### Work to be completed
Of all the lines in the entries below, give again exactly those starting at the line containing "New Cute Funny" and ending at the line containing "best dog foods for very picky eaters", both ends included, and no others.

### Source material
········

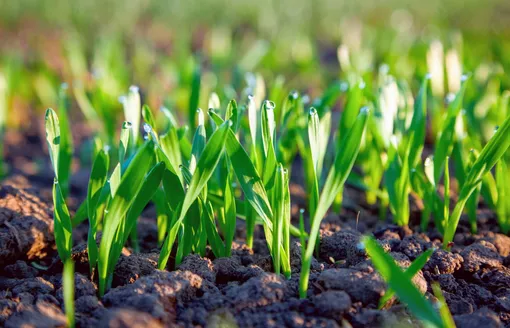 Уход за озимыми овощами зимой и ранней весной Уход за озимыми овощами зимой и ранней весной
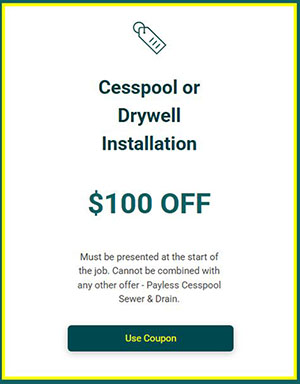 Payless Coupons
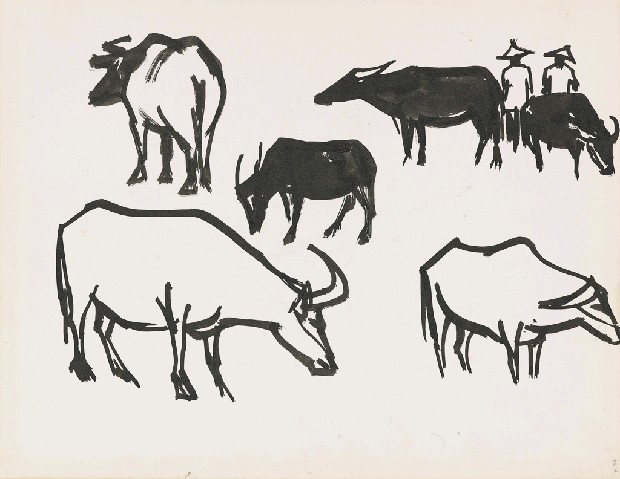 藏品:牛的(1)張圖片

········

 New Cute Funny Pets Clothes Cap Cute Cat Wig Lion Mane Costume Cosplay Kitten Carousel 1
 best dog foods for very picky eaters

········

### Response
 New Cute Funny Pets Clothes Cap Cute Cat Wig Lion Mane Costume Cosplay Kitten Carousel 1
 best dog foods for very picky eaters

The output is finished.